> **What you need to do**
Pictures stay out of the copy. Retype exactly the lines below from the one with "美女露胸软件:极速幻影霓虹街道上线,高难度赛道解锁个性车载助手-3" through the one with "Meadowbrook Forest Apartments".

> **Data to examine**
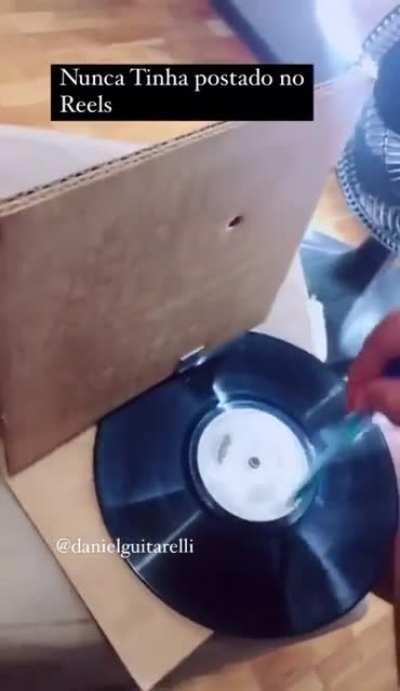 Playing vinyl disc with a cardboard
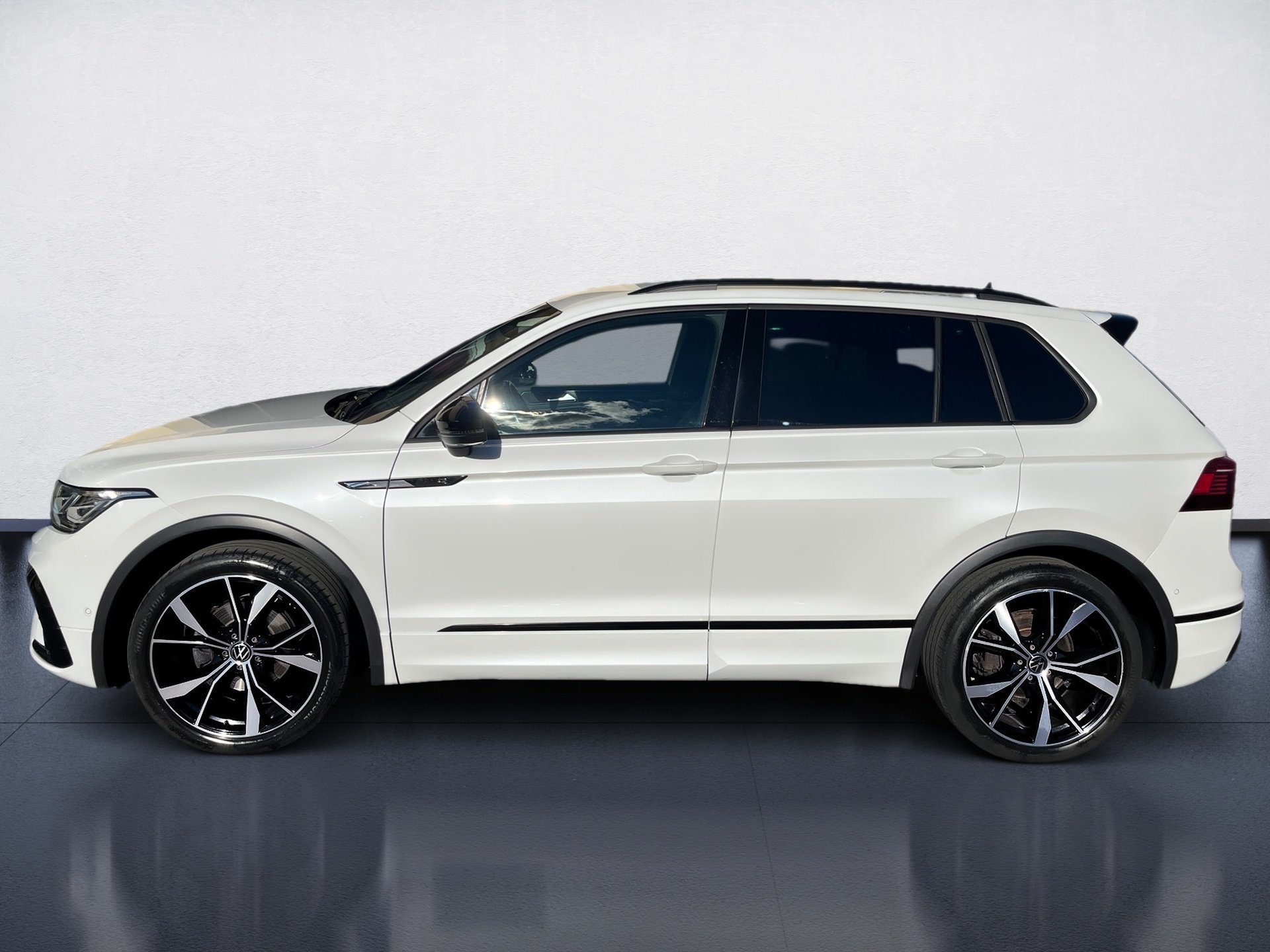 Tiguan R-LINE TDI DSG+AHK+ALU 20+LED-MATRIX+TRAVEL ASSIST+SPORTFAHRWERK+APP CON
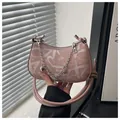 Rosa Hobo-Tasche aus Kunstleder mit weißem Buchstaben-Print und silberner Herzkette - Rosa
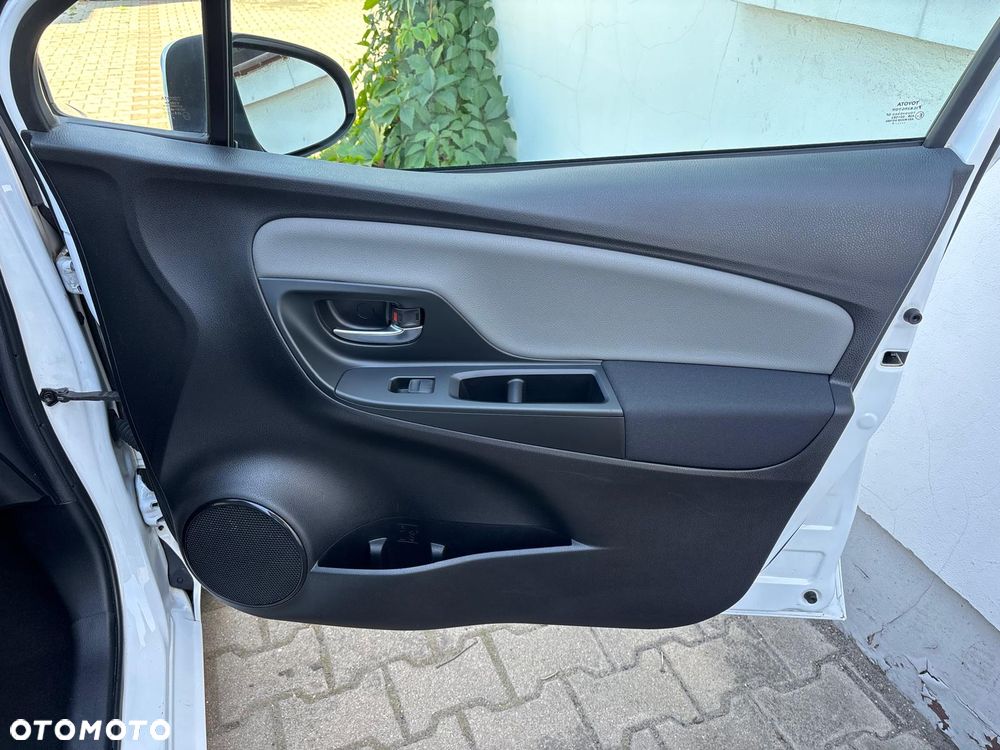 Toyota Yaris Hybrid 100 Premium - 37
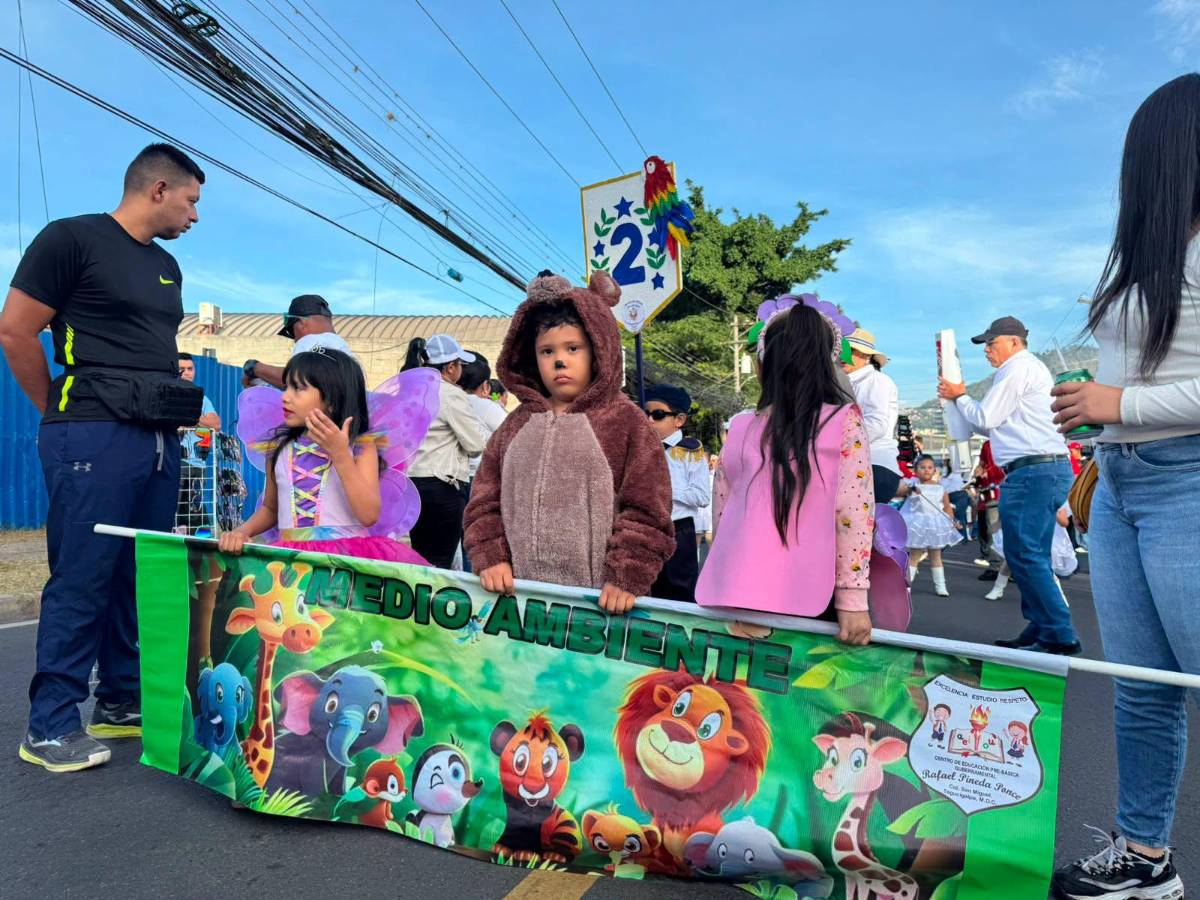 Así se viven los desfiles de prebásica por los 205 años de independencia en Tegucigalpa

--

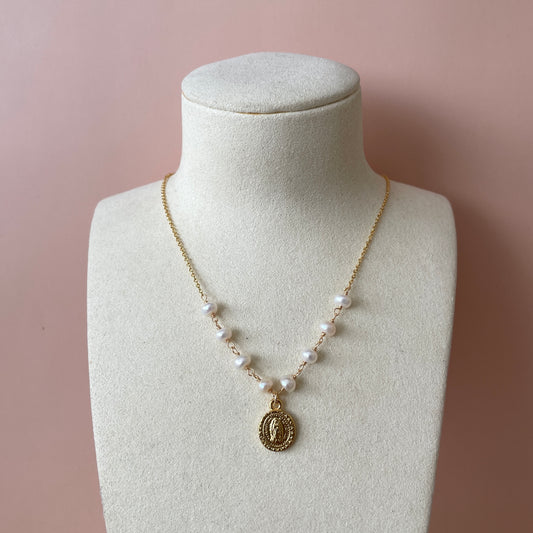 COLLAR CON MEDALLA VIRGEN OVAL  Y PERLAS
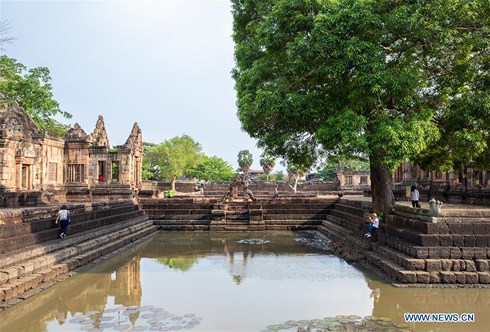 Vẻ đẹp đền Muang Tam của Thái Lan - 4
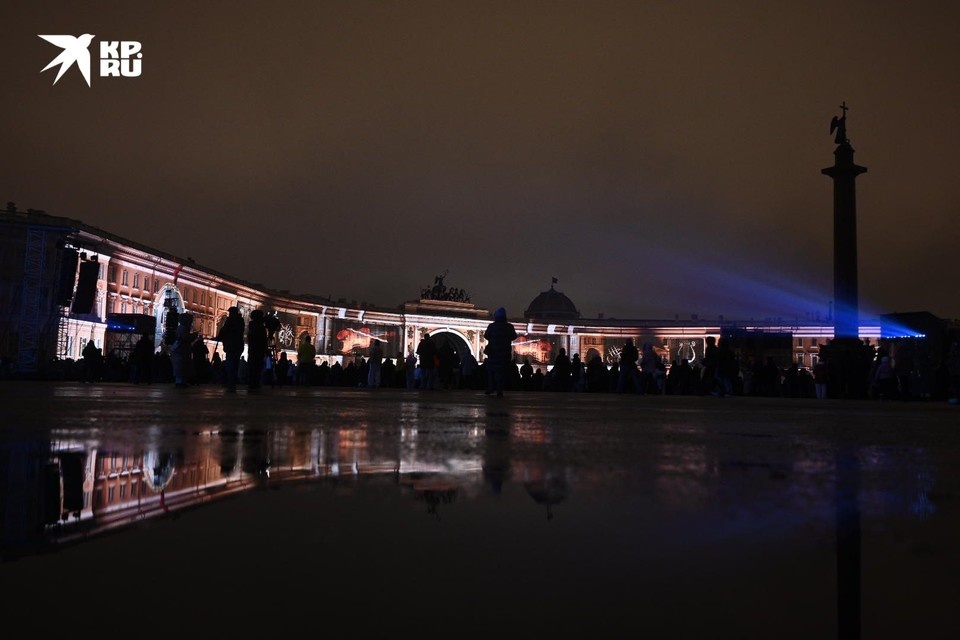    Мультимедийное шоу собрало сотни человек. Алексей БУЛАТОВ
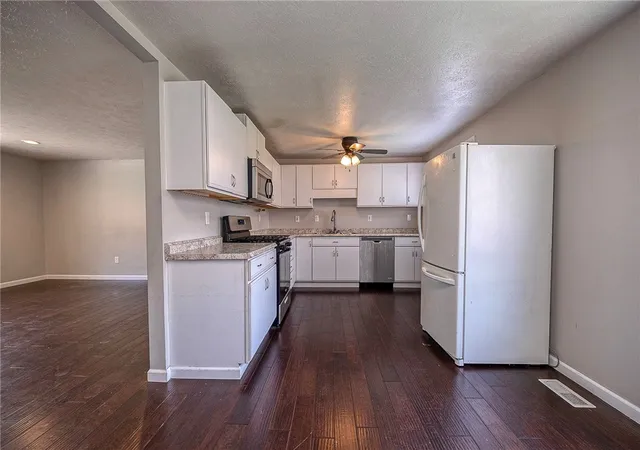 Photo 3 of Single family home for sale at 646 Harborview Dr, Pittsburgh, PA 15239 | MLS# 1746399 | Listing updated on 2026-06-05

...

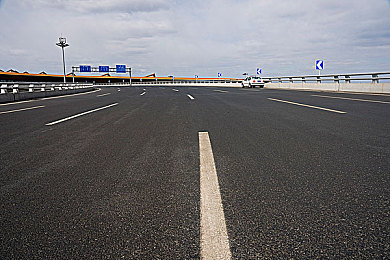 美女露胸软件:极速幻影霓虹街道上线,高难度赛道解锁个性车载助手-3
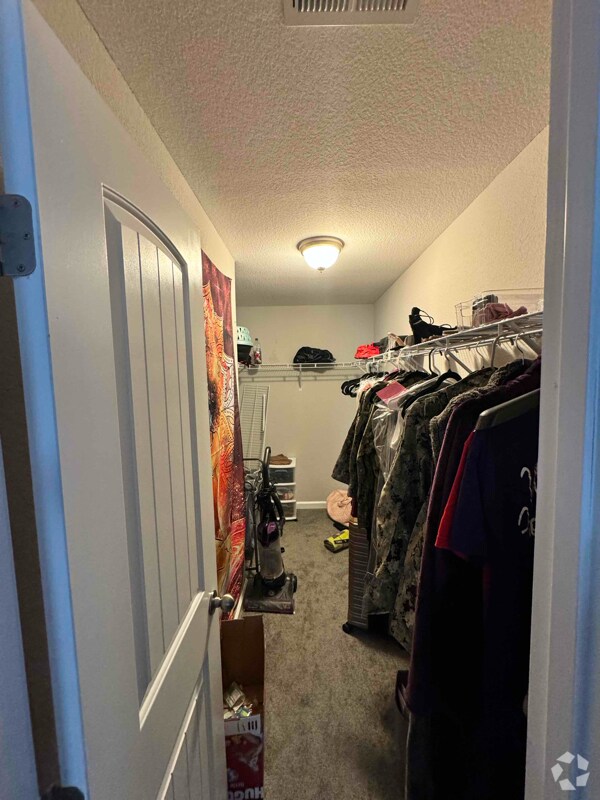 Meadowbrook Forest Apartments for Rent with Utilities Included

> **Result**
 美女露胸软件:极速幻影霓虹街道上线,高难度赛道解锁个性车载助手-3
 Meadowbrook Forest Apartments for Rent with Utilities Included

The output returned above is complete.